Systems for supplying coolant to the cooling channels of
liquid-cooled turbine buckets are determined in part by the type of
attachment used to secure the buckets to the rotor. The art is in
need of such a distribution system particularly adapted to buckets
having dovetailed bucket-to-rotor attachment and integral platform
construction.
SUMMARY OF THE INVENTION
A liquid-cooled turbine bucket construction is described in which
the airfoil bucket core, platform (with metering means) and root
with dovetail configuration are integrally formed. The pressure and
suction sides of each bucket are each provided with a liquid
reservoir defined in part by metering means (e.g., a weir), grooves
in the upper surface of the platform and face of the airfoil core
and holes interconnecting these grooves with the underside of the
platform adjacent the metering means.
BRIEF DESCRIPTION OF THE DRAWING
The exact nature of this invention as well as objects and
advantages thereof will be readily apparent from consideration of
the following specification relating to the annexed drawings in
which:
FIG. 1 is a view partially in section showing the side view in
elevation of part of the dovetailed root, platform and airfoil and
liquid coolant feed means in register therewith;
FIG. 2 is a view partially in section with the retainer/feed ring
and a cover plate cut away to show the integral formation in the
platform of the reservoir, the longitudinally extending metering
means, platform gutter, platform coolant channels and feed holes
leading thereto and
FIG. 3 is a view taken on line 3--3 of FIG. 2 with the airfoil skin
removed in part to show the location and interconnection of the
airfoil channels, the platform channels and feed conduits leading
to the platform channels from the underside of the platform.
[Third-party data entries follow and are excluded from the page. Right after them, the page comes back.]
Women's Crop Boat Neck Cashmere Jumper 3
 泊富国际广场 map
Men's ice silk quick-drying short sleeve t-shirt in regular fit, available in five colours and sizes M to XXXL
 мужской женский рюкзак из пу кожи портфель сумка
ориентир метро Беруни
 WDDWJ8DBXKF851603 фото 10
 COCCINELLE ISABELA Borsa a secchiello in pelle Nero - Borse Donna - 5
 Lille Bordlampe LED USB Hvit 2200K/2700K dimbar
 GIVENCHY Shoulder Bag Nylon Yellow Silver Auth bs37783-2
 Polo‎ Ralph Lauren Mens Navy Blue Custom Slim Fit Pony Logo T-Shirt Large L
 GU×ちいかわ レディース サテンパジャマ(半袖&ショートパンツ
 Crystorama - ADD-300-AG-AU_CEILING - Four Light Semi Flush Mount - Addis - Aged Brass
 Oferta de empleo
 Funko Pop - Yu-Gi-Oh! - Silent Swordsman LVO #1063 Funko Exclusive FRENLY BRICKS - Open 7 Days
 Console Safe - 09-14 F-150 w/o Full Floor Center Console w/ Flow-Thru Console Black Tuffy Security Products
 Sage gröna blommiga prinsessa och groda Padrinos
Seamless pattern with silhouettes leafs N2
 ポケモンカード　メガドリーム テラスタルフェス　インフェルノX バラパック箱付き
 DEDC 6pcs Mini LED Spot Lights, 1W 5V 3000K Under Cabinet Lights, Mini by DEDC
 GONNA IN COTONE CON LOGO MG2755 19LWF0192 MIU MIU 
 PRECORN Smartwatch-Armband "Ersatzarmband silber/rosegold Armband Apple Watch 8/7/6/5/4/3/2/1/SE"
DESCRIPTION OF THE PREFERRED EMBODIMENT
Turbine bucket 10 consists of skin 11, 11a (e.g., sheet metal)
affixed, as by brazing, to the unitary root/platform/airfoil core
12. Root portion 13 is formed in the conventional dovetail
configuration by which bucket 10 is retained in slot 14 of wheel
rim 16. Each groove 17 recessed in the surface of platform 18 is
connected to a similar groove 19 recessed in the surface of airfoil
portion 21 of unit 12. The cooling channels (preferably rectangular
in shape) defined by skin 11a and grooves 17 are thus in
communication on a one-to-one basis with the cooling channels
defined by skin 11 and grooves 19 and cooling liquid is conducted
therethrough at a uniform distance from the exterior surface. At
the radially outer ends thereof the rectangular cooling channels on
the pressure side of bucket 10 are in flow communication with, and
terminate at, manifold 22 recessed into airfoil portion 21. On the
suction side of bucket 10 the cooling channels are in flow
communication with, and terminate at, a similar manifold (not
shown) recessed into airfoil portion 21. Near the trailing edge of
bucket 10 a cross-over conduit (opening shown at 23) connects the
manifold on the suction side with manifold 22.
Open-circuit cooling is accomplished by spraying cooling liquid
(usually water) at low pressure in a generally radially outward
direction from nozzles, such as nozzle 24 (one shown), mounted on
each side of the rotor disk. The coolant is received in annular
gutter 26 formed in ring member 27, one of which is mounted on each
side of wheel rim 16. Ring member 27, in addition to conducting the
function of coolant distribution to each bucket also retains the
buckets 10 properly positioned in wheel rim 16 as more completely
described in U.S. Pat. application Ser. No. 385,096 - Wojcik, filed
Aug. 2, 1973 and assigned to the assignee of the instant invention.
The Wojcik application is incorporated by reference.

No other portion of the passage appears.